Thankfully, this incident brings to the forefront an incredibly important issue relating to air travel: How does one politely and considerately conduct the Intestinal Symphony in Poo Minor while on an airplane?
I've checked with the guru of manners, Ms. Emily Post, to discover the appropriate etiquette under the circumstances. Quite surprisingly, Ms. Post has not addressed this issue before. I guess this leaves the resolution of travel tooting to me.
- First of all, during the 24-hour period before your flight, stay away from all foods that traditionally cause gas, like Mexican food, peppers, cheap beer, kugel in any form, Vietnamese food (no matter how tasty it may be) any sort of "mix" plates (e.g., including barbecue mix plates, Nick Tahoe garbage plates), and beans in any form.
- Ideally, an in-flight fart should be performed within the (sticky-floored) confines of the (wee-wee covered) airplane bathroom. This is one of the reasons that Cletis always recommends that travelers choose the aisle seat, to facilitate a quick and easy exit. Most airplanes adequately ventilate these bathrooms so that your flatulence is sucked up and stored in a special tank, later to be used as air freshener for city buses throughout the United States (but primarily in San Francisco).
- When you can't get near your designated toilet (due to beverage service carts or long lines for the bathroom), don't be bashful about heading to the first class bathroom to toot. If the snippy flight attendant in first class blocks your entry, step into the forward galley and let 'er rip. That'll teach 'em.
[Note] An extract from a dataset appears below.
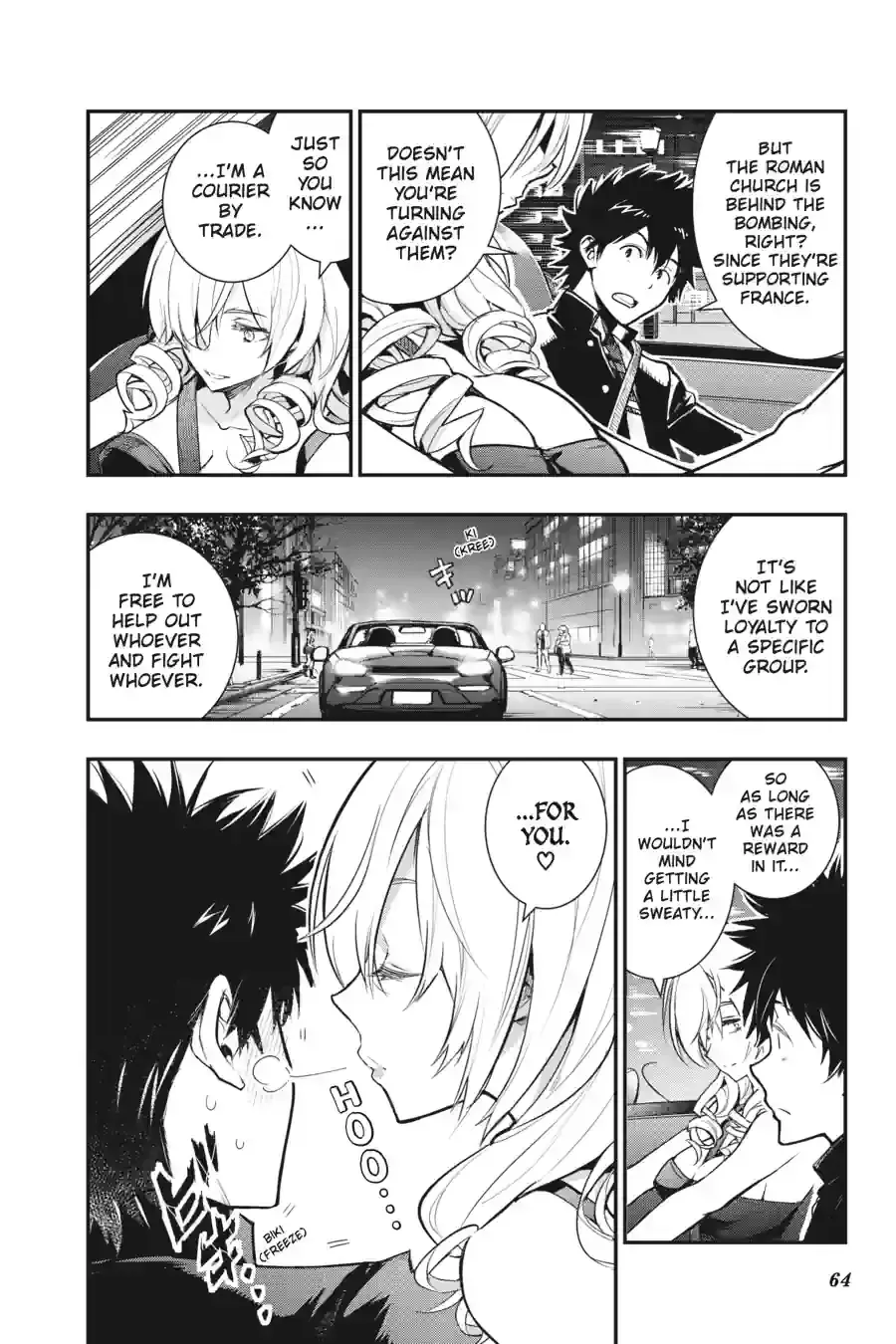 Toaru Majutsu no Index Chapter 171 page 2 -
- Similarly, if you can't get into a toilet in time because of a queue outside, step right into the rear galley and move your methane there. At least the flight attendants are used to the stink and already despise passengers, so you've got nothing to lose.
- But when you've reached DefCon 1 and you know you're not going to make it to a toilet, your strategy wholly depends on the fabric of the airplane's seats. If the airplane has the (dirty, germ-ridden) fabric-covered seats, make sure you've got a good seal between your tush and the seat, and pound that sucker deep into the cushion (in the industry this is known as the "deep drive" technique). Trust me, it ain't gonna matter much, seeing as those cushions are made up of three parts flatulence and one part fabric, anyhow. Your only concern, however, should be if the cushion has reached its maximum fart capacity. If so, although the cushion will absorb your emission, it could dislodge a long-ago deposited stink from the days of yore. You'll release a horrific, well-aged stink that will eclipse the smell of whatever you drove into the cushion, and you'll get no credit from your neighbors for your efforts to follow appropriate etiquette.
- The worst possible scenario is when you've reached DefCon 1 on those airplanes with leather seats. The leather is not cut-cheese permeable, so the deep-drive technique will not work. In a pinch, I suggest that you get up, go BACK in the aisle, and let it go near some other folks. Make a quick return back to your seat, and so long as it's not a trailer, your neighbors will never know.